REQUIRED WORK |
Record by record, write out the listing word for word while omitting pictures.
INPUT DATA: Begin
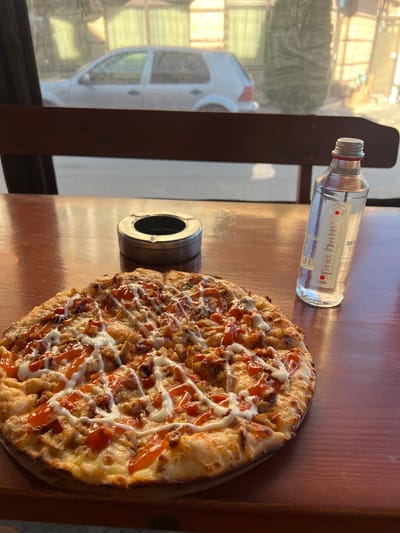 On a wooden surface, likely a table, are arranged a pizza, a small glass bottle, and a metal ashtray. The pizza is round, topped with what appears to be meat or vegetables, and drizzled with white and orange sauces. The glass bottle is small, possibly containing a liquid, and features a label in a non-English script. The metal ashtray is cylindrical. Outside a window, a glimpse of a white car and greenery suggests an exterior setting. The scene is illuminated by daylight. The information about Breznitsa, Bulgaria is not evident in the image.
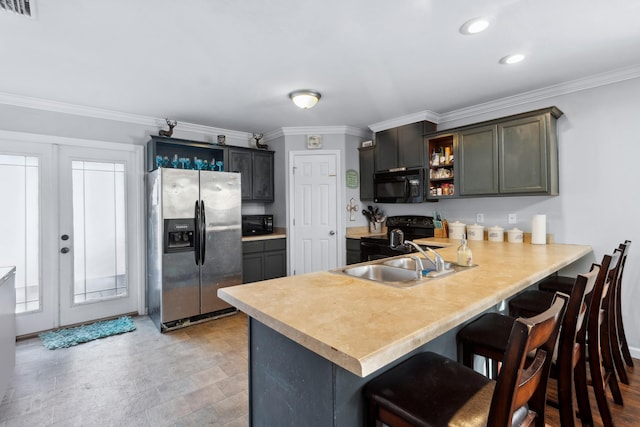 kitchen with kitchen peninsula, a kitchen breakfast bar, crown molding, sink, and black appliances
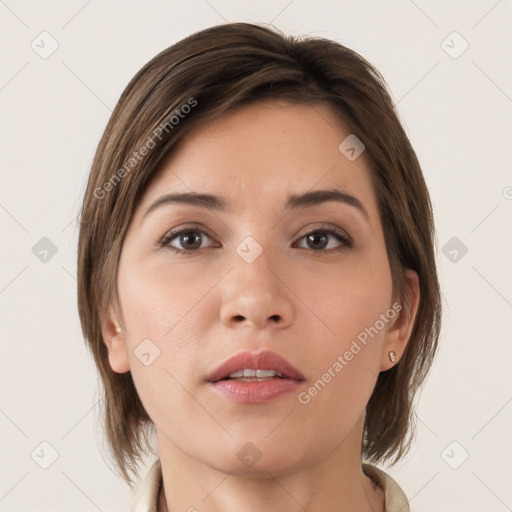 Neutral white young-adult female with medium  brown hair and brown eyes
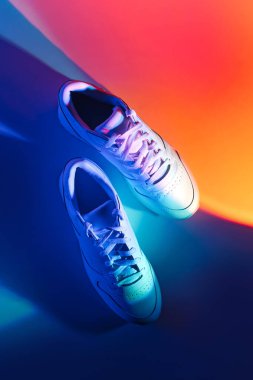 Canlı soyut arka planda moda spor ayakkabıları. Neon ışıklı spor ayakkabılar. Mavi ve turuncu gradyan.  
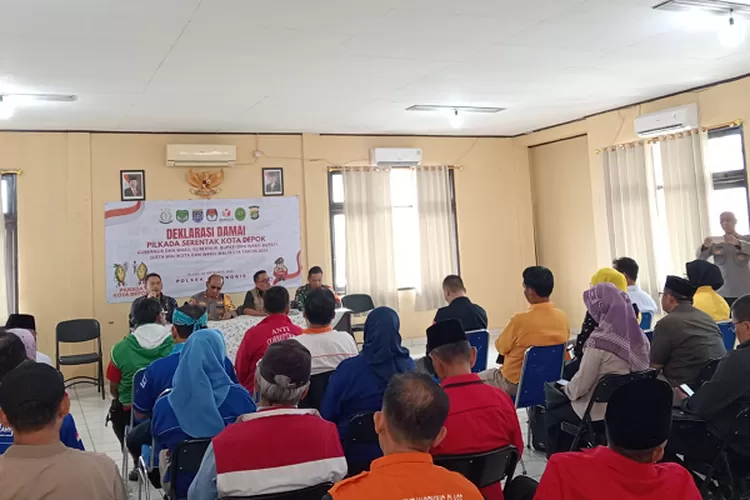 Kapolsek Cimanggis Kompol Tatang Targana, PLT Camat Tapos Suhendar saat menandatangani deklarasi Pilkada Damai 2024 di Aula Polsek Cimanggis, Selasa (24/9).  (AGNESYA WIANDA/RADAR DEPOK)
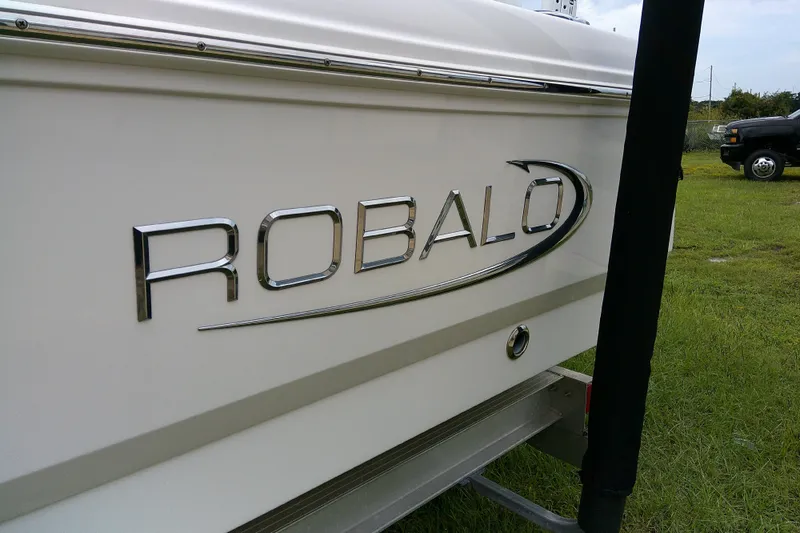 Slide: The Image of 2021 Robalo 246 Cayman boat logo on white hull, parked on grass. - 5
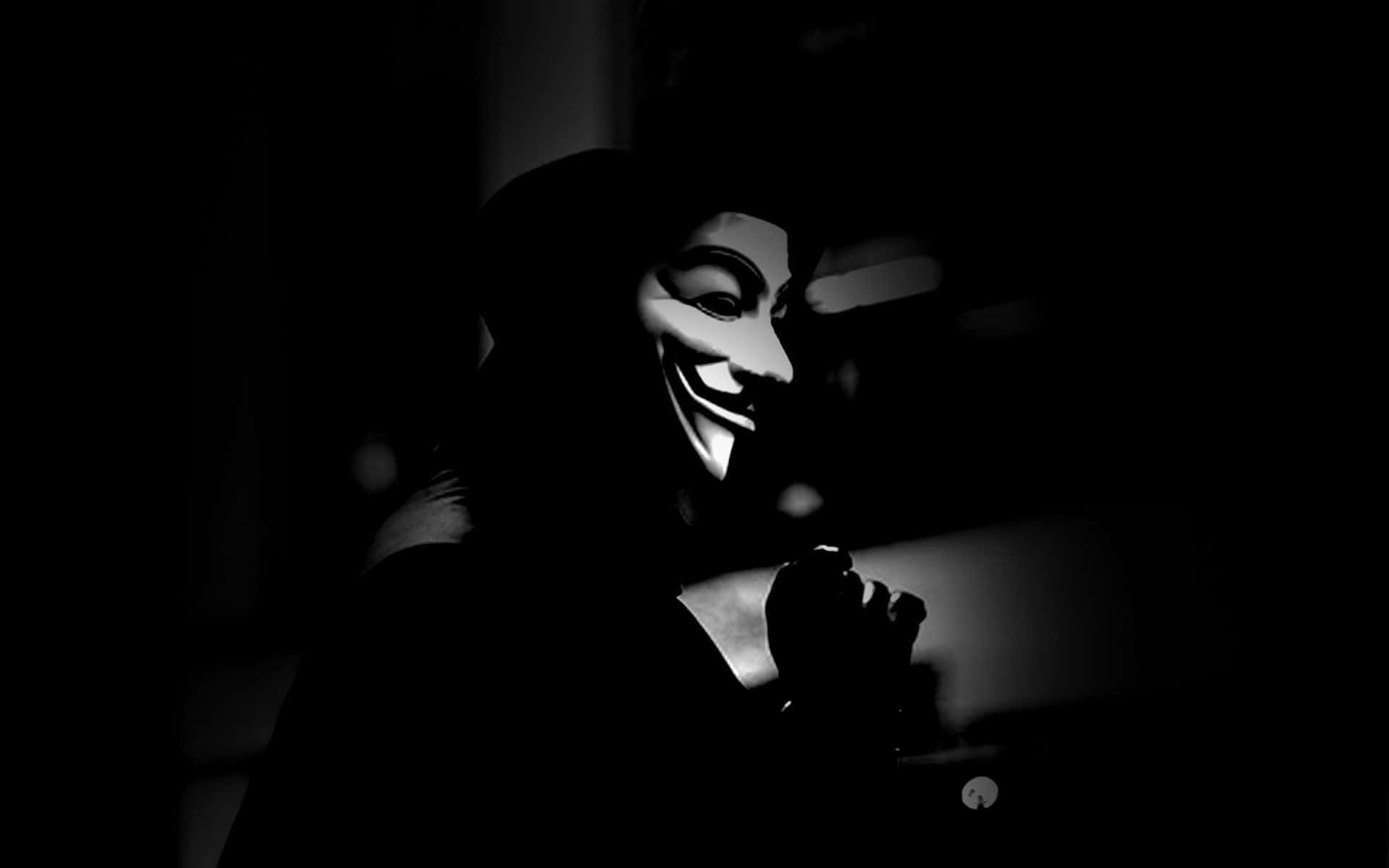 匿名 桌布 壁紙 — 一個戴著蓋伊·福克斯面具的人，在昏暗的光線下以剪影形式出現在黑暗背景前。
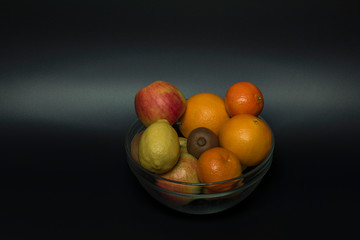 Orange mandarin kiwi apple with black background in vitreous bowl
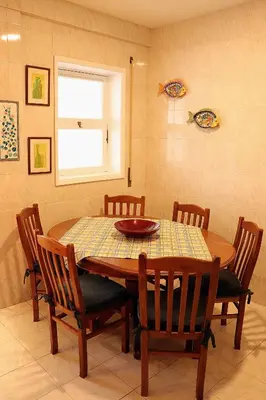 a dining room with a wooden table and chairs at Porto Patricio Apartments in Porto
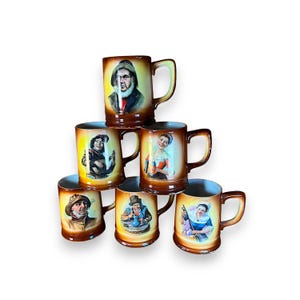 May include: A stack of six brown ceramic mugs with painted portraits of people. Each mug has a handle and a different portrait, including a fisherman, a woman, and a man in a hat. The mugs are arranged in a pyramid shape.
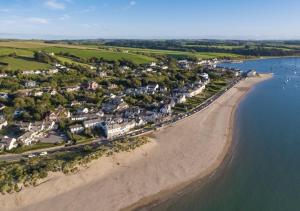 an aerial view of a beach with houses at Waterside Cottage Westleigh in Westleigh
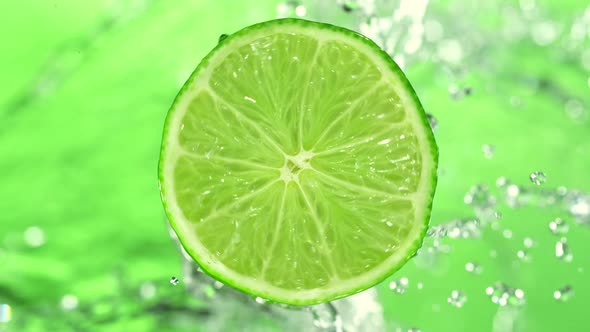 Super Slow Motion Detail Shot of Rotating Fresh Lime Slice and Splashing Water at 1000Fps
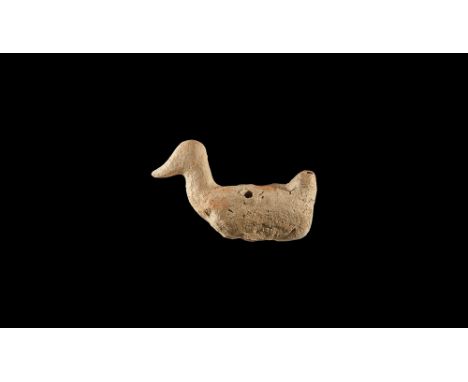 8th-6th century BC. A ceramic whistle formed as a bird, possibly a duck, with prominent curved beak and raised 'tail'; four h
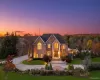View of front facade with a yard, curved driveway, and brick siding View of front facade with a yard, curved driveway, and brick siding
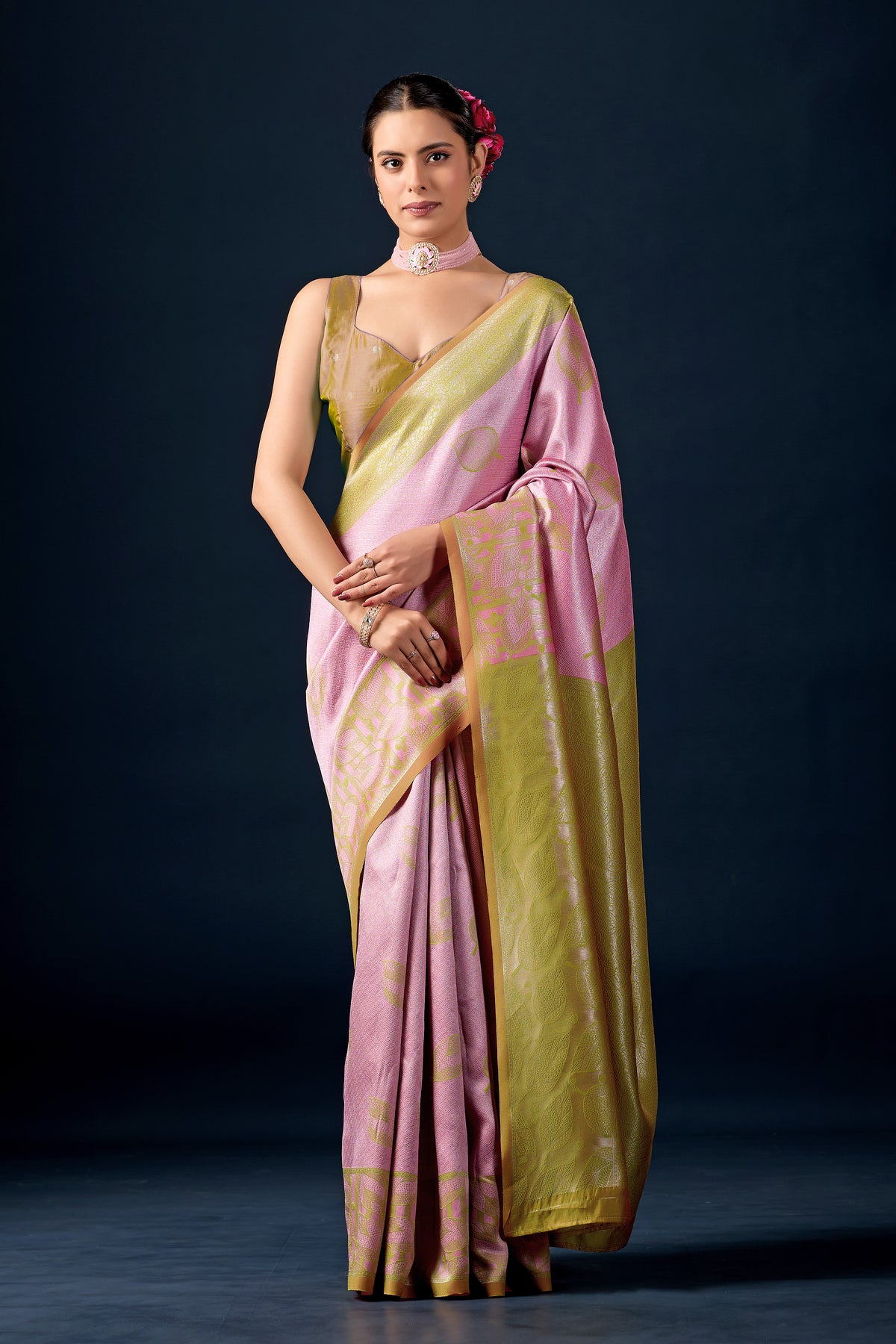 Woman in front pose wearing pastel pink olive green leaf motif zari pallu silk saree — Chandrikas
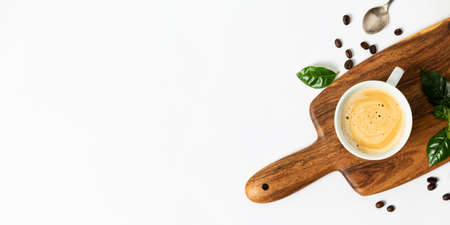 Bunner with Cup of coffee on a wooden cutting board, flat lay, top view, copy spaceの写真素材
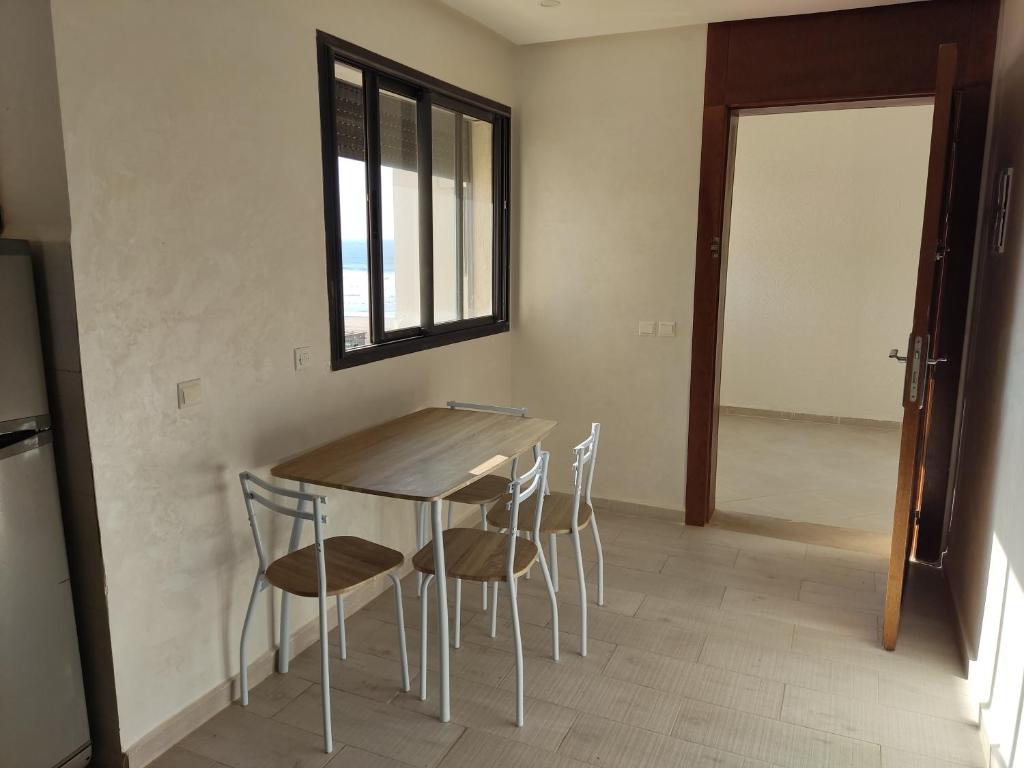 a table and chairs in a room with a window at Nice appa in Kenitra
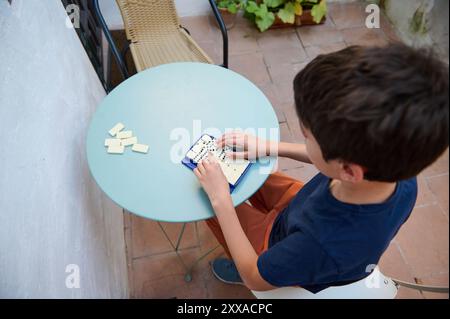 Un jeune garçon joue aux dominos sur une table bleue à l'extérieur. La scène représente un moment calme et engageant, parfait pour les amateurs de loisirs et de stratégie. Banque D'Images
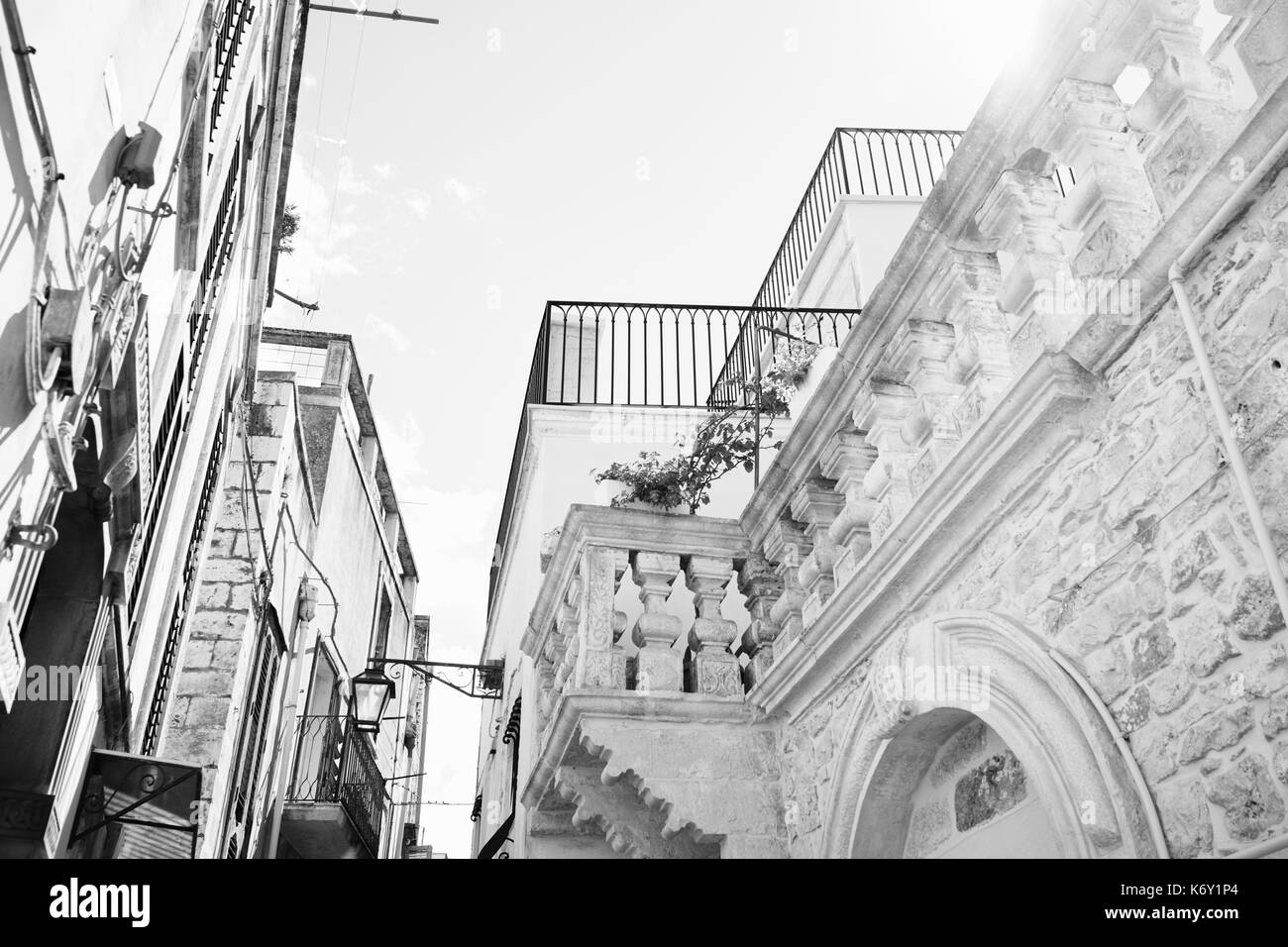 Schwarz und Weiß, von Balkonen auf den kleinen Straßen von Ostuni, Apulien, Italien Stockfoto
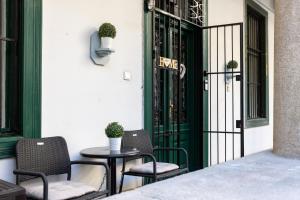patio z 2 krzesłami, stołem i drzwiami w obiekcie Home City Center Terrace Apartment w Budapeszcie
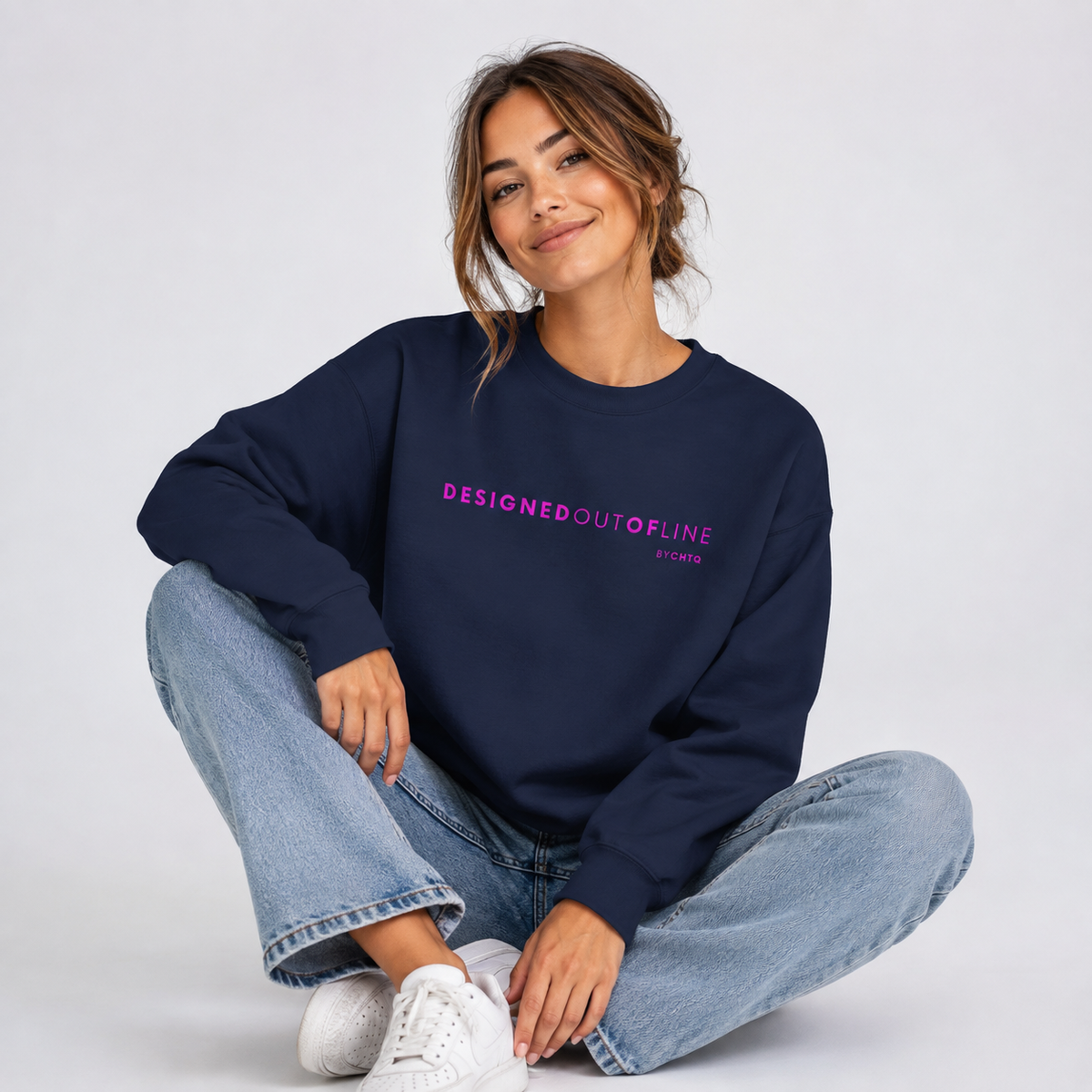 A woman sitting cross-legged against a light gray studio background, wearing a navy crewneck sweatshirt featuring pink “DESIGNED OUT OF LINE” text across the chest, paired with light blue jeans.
INPUT DATA: End
EXERCISE SOLUTION |
 On a wooden surface, likely a table, are arranged a pizza, a small glass bottle, and a metal ashtray. The pizza is round, topped with what appears to be meat or vegetables, and drizzled with white and orange sauces. The glass bottle is small, possibly containing a liquid, and features a label in a non-English script. The metal ashtray is cylindrical. Outside a window, a glimpse of a white car and greenery suggests an exterior setting. The scene is illuminated by daylight. The information about Breznitsa, Bulgaria is not evident in the image.
 kitchen with kitchen peninsula, a kitchen breakfast bar, crown molding, sink, and black appliances
 Neutral white young-adult female with medium  brown hair and brown eyes
 Canlı soyut arka planda moda spor ayakkabıları. Neon ışıklı spor ayakkabılar. Mavi ve turuncu gradyan.  
 Kapolsek Cimanggis Kompol Tatang Targana, PLT Camat Tapos Suhendar saat menandatangani deklarasi Pilkada Damai 2024 di Aula Polsek Cimanggis, Selasa (24/9).  (AGNESYA WIANDA/RADAR DEPOK)
 Slide: The Image of 2021 Robalo 246 Cayman boat logo on white hull, parked on grass. - 5
 匿名 桌布 壁紙 — 一個戴著蓋伊·福克斯面具的人，在昏暗的光線下以剪影形式出現在黑暗背景前。
 Orange mandarin kiwi apple with black background in vitreous bowl
 a dining room with a wooden table and chairs at Porto Patricio Apartments in Porto
 May include: A stack of six brown ceramic mugs with painted portraits of people. Each mug has a handle and a different portrait, including a fisherman, a woman, and a man in a hat. The mugs are arranged in a pyramid shape.
 an aerial view of a beach with houses at Waterside Cottage Westleigh in Westleigh
 Super Slow Motion Detail Shot of Rotating Fresh Lime Slice and Splashing Water at 1000Fps
 8th-6th century BC. A ceramic whistle formed as a bird, possibly a duck, with prominent curved beak and raised 'tail'; four h
View of front facade with a yard, curved driveway, and brick siding View of front facade with a yard, curved driveway, and brick siding
 Woman in front pose wearing pastel pink olive green leaf motif zari pallu silk saree — Chandrikas
 Bunner with Cup of coffee on a wooden cutting board, flat lay, top view, copy spaceの写真素材
 a table and chairs in a room with a window at Nice appa in Kenitra
 Un jeune garçon joue aux dominos sur une table bleue à l'extérieur. La scène représente un moment calme et engageant, parfait pour les amateurs de loisirs et de stratégie. Banque D'Images
 Schwarz und Weiß, von Balkonen auf den kleinen Straßen von Ostuni, Apulien, Italien Stockfoto
patio z 2 krzesłami, stołem i drzwiami w obiekcie Home City Center Terrace Apartment w Budapeszcie
 A woman sitting cross-legged against a light gray studio background, wearing a navy crewneck sweatshirt featuring pink “DESIGNED OUT OF LINE” text across the chest, paired with light blue jeans.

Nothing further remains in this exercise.